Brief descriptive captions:
______________________________

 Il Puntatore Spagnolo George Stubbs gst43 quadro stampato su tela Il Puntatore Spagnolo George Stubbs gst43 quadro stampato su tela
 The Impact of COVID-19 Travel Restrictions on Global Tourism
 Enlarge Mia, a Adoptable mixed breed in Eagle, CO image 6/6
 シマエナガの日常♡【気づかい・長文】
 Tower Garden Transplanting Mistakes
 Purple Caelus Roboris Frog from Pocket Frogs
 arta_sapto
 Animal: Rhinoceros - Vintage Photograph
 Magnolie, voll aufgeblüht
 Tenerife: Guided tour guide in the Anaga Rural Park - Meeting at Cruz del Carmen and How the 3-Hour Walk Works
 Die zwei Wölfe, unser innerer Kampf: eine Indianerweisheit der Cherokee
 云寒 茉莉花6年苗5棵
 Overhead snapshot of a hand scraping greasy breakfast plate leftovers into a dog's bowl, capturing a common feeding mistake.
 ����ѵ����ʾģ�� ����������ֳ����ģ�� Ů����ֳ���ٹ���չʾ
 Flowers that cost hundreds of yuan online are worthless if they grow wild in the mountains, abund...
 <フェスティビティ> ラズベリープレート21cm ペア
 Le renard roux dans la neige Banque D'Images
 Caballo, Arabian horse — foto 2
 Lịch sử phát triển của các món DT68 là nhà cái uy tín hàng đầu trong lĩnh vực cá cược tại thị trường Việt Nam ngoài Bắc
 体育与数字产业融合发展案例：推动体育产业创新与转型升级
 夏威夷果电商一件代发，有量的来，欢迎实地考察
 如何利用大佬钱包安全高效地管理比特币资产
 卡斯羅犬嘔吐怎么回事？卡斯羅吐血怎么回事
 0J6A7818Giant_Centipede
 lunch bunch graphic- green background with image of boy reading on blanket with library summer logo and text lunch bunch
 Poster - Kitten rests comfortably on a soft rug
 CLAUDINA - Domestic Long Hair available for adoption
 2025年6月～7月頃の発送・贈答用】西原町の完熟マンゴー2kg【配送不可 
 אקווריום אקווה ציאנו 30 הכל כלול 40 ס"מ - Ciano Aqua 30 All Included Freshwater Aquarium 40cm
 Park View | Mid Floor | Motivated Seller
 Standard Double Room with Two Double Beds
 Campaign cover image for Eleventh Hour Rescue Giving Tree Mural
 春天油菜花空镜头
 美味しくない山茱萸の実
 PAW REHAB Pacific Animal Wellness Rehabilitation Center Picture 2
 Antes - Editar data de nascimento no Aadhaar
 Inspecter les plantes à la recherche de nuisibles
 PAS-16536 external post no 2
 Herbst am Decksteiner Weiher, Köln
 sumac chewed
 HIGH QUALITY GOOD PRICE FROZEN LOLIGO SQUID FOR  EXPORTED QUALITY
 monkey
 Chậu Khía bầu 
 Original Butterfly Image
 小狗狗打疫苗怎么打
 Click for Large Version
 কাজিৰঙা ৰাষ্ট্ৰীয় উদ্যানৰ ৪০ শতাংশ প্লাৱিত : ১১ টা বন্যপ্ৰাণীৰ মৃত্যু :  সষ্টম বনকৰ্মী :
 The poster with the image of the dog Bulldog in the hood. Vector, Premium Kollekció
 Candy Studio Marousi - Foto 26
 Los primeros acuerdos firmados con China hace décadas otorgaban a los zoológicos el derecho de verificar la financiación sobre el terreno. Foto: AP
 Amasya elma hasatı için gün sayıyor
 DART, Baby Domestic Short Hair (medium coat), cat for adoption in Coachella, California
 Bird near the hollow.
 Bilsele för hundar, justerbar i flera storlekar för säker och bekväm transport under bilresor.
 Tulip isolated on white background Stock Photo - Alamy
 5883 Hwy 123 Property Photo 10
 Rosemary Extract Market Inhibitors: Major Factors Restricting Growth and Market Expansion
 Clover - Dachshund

______________________________

Go through the data above and find the lines with the word "Animal". Copy each of those lines.

 Animal: Rhinoceros - Vintage Photograph
 PAW REHAB Pacific Animal Wellness Rehabilitation Center Picture 2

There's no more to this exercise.